Die Atlanta Offense scheint heuer (im Gegensatz zu 2009) konsistenter zu spielen (zweitniedrigste DVOA-Varianz der Liga), und baut rund um ein immer gefährliches Laufspiel von Michael Turner (fünfter der Liga mit 974 Yards und 7 TDs, kein Fumble) eine ball control Philosophie auf, die Matt Ryan im Notfall völlig in die Hand nehmen kann. Seine No-Huddle ist oft der beste Teil des Falcons-Gameplans, sie dominieren die Time of Possession (erster der NFL), ermüden die Defense und produzierten den letzten Turnover in Woche 7. Der +11 Turnovermargin der Falcons ist der zweitbeste Wert der Liga. WR Roddy White hat eine fantastische Saison und zukünftiger Hall of Fame-TE Tony Gonzalez dominiert die Spiele, wo die Defense White mit double und triple coverage im Zaum hält, was für Sonntag zentral werden könnte: Die Bucs haben schon bewiesen, dass sie mit Talib gegnerische #1 WRs stoppen können, auch White. (Gegen TEs sind sie allerdings nur 16. bei DVOA.) Ryan warf in den letzten 5 Spielen 10 TDs und nur eine INT für ein 105.1 QB-Rating, und wurde für seine Leistung im November (vier Siege gegen Teams mit einem combined record von 27-17) zum NFC Offensive Player of the Month erkoren.

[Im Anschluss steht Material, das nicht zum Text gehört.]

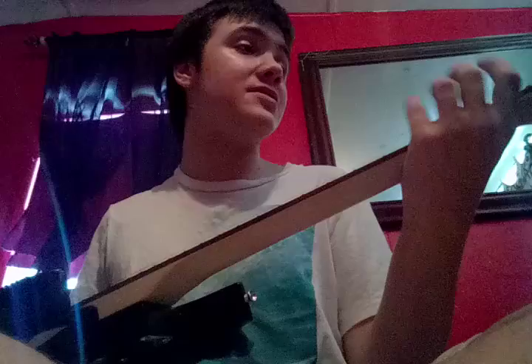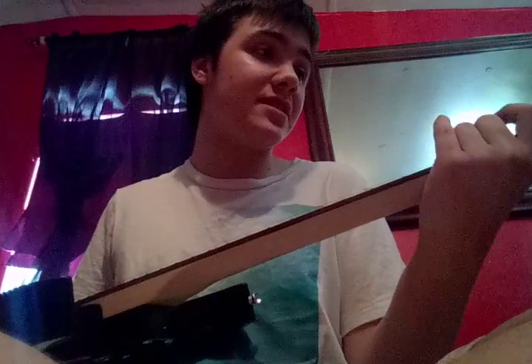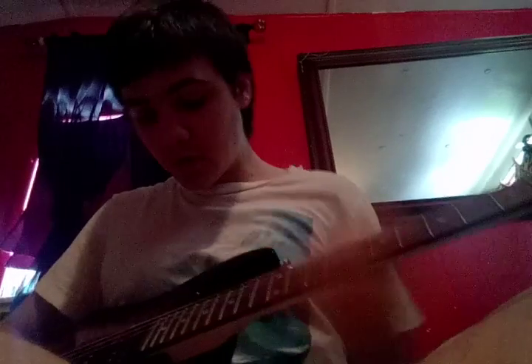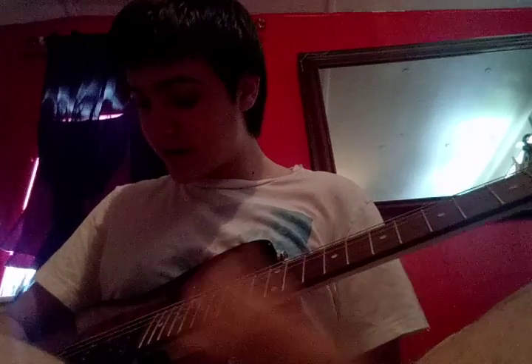This is an Ibanez Geo. It's a transparent red with 22 frets and a whammy bar. Don't know what kind of pickups they are, though.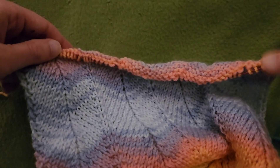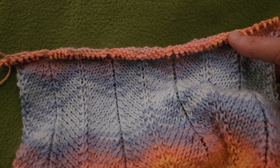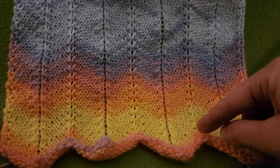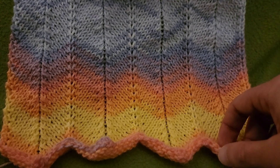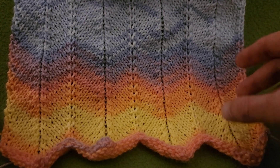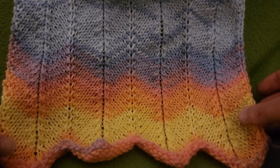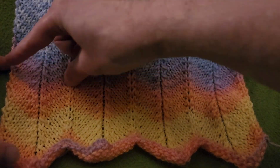Now, I'm not going to cast on, but I'm going to explain all the little details. The number of stitches for your cast on — what I did was a knitted cast on, and I'll put a link to that in the description box. What you need is a multiple of 14 stitches plus an additional two stitches. That's for the selvage edge, which is going to be done in garter stitch — all knits. For every multiple of 14, it creates one of these panels all the way across.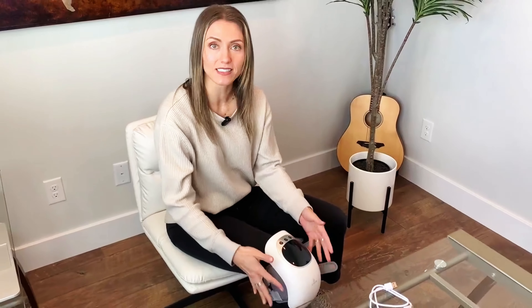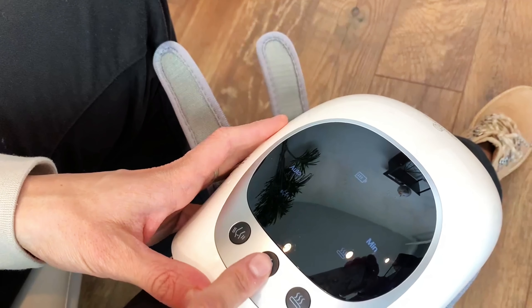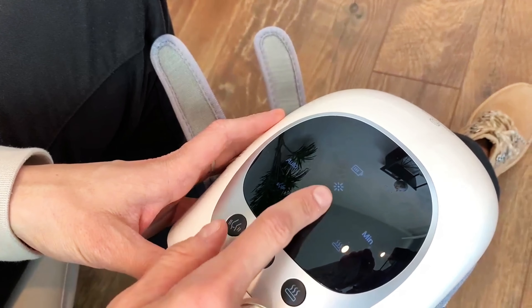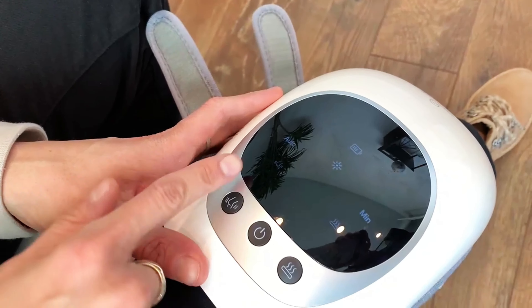I'm going to turn this on by pushing this middle power button right here. I hold that down — you can hear right next to the microphone that it's starting to go. You have the vibration happening on here and on here. Then right here you have heat, and then right here you have infrared. So there are three different types of therapeutic modes right there.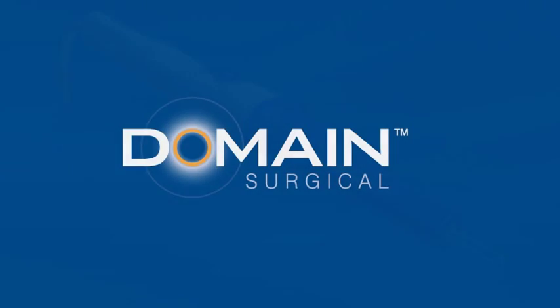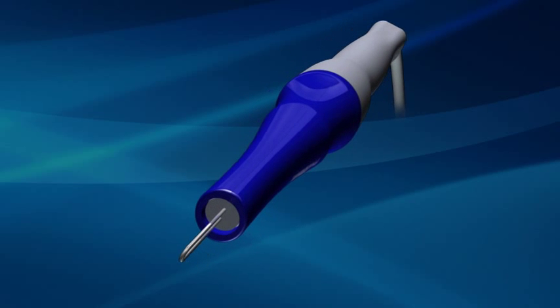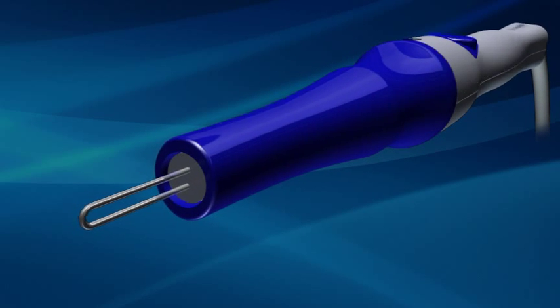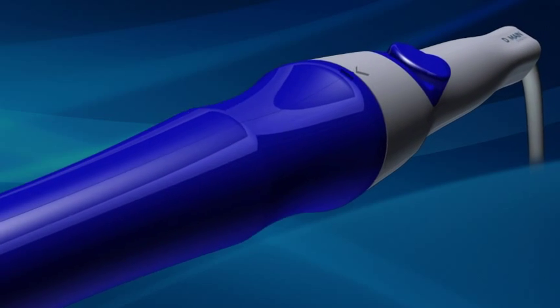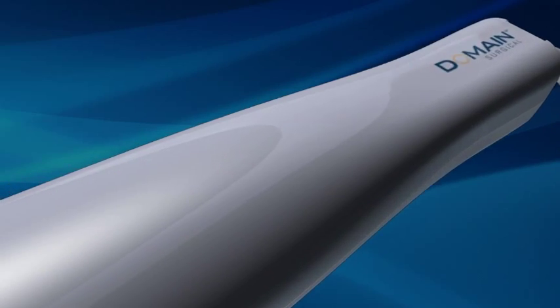The FM1 Ferromagnetic Surgical System harnesses the power of ferromagnetic heating. This innovative technology produces a remarkable hemostatic effect with minimal collateral tissue damage, while precisely incising tissue with tactile control.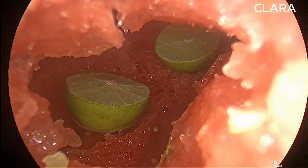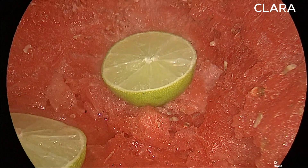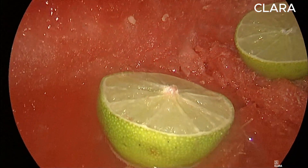Clara manipulates the image brightness to view dark spots better. With this mode, a specifically optimized algorithm reduces disruptive shadows and ensures more even brightness perception of the endoscopic image.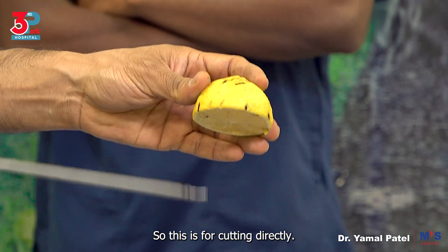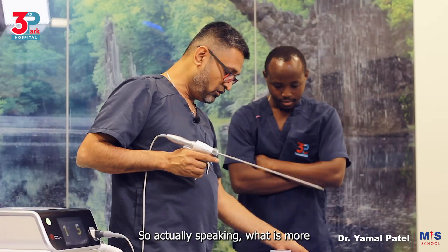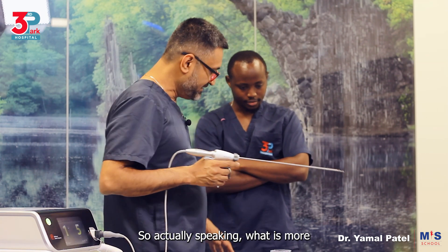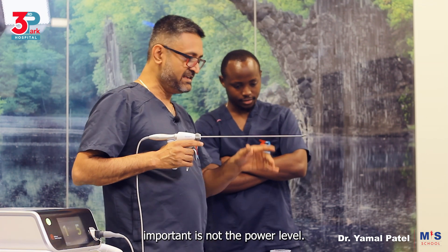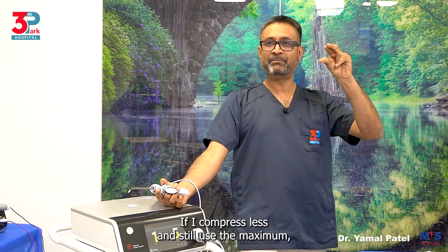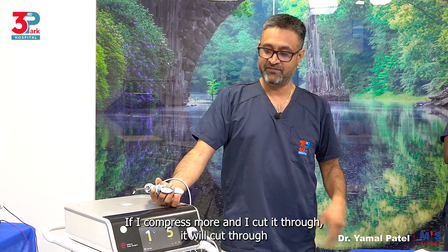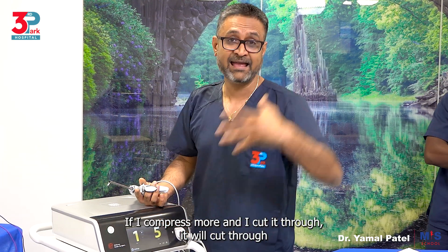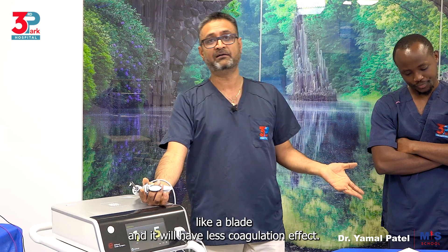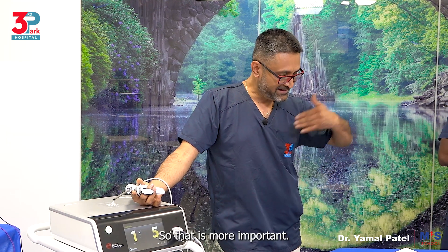So this approach is for cutting directly, and the other is for coagulation and cutting. What is more important is not the power level — what is more important is the compression level. If I compress less and use the maximum, I can still get a coagulation effect. If I compress more and cut through, it will cut like a blade and have less coagulation effect.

Er perfektioniert heuer auch einen one-minute-drill, der schon die Ravens- und die Packers-Defense, nicht die schlechtesten der NFL, ratlos zurückließ. Dank der Balance im Playcalling, guter 3rd Down Conversion (zweiter der NFL mit 48%), langen Drives und fehlerfreiem Spiel schlägt die Falcons Offense Gegner mit Effizienz statt Volumen, was einer der Gründe ist, warum sie nie „flashy“, dafür aber öfter „methodical“ genannt werden wird.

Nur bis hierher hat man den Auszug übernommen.